Il reste à voir dans quelle mesure cette entreprise sera couronnée de succès. Ce qui est clair, c'est que la liste des défis est longue et complexe: depuis l'arrivée d'Hugo Chávez au pouvoir en 1999, il y a eu un manque de capital pour les investissements et l'accès à une main-d'œuvre qualifiée. La restructuration complexe de la dette est également susceptible de retarder le retour du pays aux marchés extérieurs. De plus, la reconstruction pourrait faire face à des obstacles liés à la gouvernance et à la sécurité. Beaucoup dépendra de la qualité de la coopération avec la présidente par intérim du Venezuela, Delcy Rodríguez. Bien que le président Trump n'ait pas exclu la présence de troupes américaines au Venezuela, l'histoire a montré à quel point il peut être difficile de stabiliser, voire de transformer, un pays fragile. Les prix du pétrole suggèrent que les marchés ne s'attendent pas encore à des barils vénézuéliens supplémentaires: le prix du brut a à peine réagi à l'intervention.

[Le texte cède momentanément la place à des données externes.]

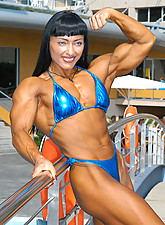 Naked Muscle Girls photo 1 of 4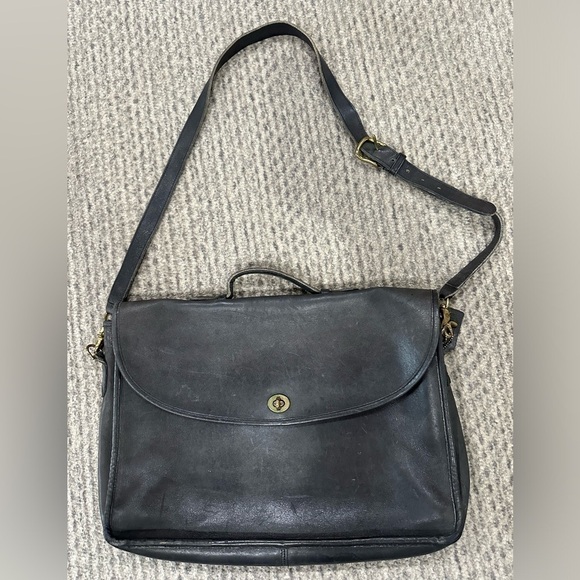 VINTAGE COACH DARK GRAY LEATHER MESSENGER BAG WITH BRASS HARDWARE - Picture 1 of 14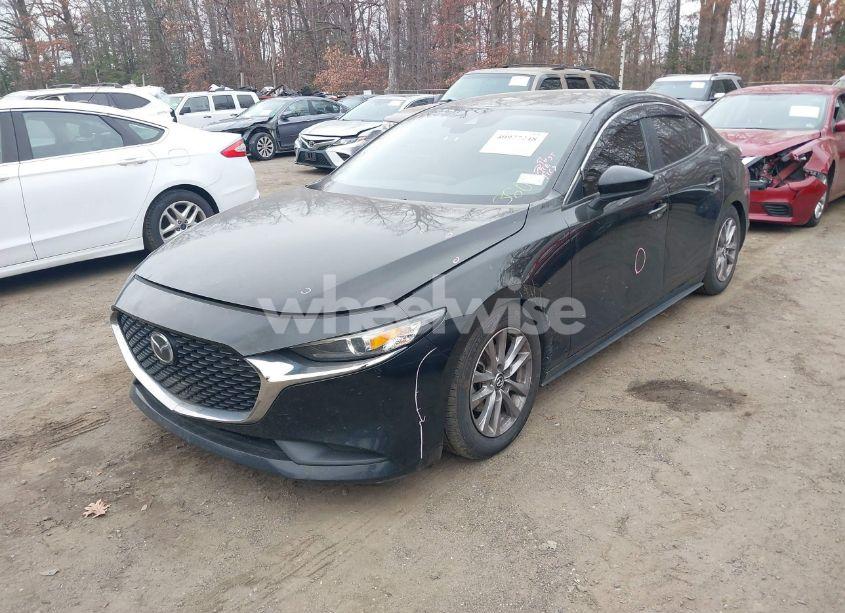 Photo 2 of 2021 Mazda Mazda3 2.5 S (VIN 3MZBPAAL8MM201924)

L'arrestation du président Maduro soulève également la question de savoir si d'autres gouvernements pourraient subir le même sort et comment les marchés réagiraient. Avec cette intervention, le gouvernement américain a clairement exprimé son désir d'assumer un rôle plus important dans l'hémisphère occidental, démontrant à la fois la capacité et la volonté politique pour mener de telles opérations militaires exigeantes, tout en réaffirmant son rôle de leader pour l'ensemble de la région — un rôle qui, ces dernières années, a été de plus en plus contesté par des pays comme la Chine et la Russie. Le président Trump a également suggéré publiquement la possibilité d'actions similaires contre d'autres gouvernements, par exemple en Colombie, à Cuba ou en Iran.
Si tel est le cas, les investisseurs devront également faire face à des tensions géopolitiques cette année. La mesure dans laquelle les marchés seraient affectés dépendrait de la question de savoir si une crise reste localement contenue, comme cela a été le cas jusqu'à présent avec le Venezuela ou la guerre au Moyen-Orient, ou si les marchés commencent à intégrer la possibilité d'un conflit régional, ou dans le pire des cas, une guerre par procuration entre les États-Unis et la Russie et/ou la Chine. Bien que cela puisse sembler préoccupant, nous considérons un conflit régional comme peu probable. De plus, l'histoire a montré que les chocs géopolitiques locaux ont généralement un impact limité sur un portefeuille diversifié à l'échelle mondiale. La situation actuelle au Venezuela confirme donc que même des bouleversements politiques majeurs dans un seul pays ne conduisent pas nécessairement à de graves perturbations du marché.
Les facteurs plus importants pour les marchés, comme les bénéfices des entreprises et les décisions de politique monétaire ou budgétaire, ne sont généralement guère influencés par les facteurs géopolitiques. Du point de vue des investisseurs, il semble donc plus important de suivre l'évolution de ces facteurs. Nos perspectives à cet égard restent positives. Nous pensons qu'un portefeuille diversifié peut à nouveau offrir des rendements nettement plus élevés cette année que les liquidités ou les dépôts d'épargne, et reste donc l'outil optimal pour la préservation et la croissance du patrimoine à long terme. En d'autres termes, pourquoi modifier ce qui fonctionne? Les stratégies structurées peuvent également aider à couvrir les risques, à générer des revenus et/ou à construire systématiquement une exposition aux actions. Surtout pour les investisseurs conservateurs, cela devrait être une meilleure stratégie que d'accumuler des économies excessives dans un environnement de taux d'intérêt nuls.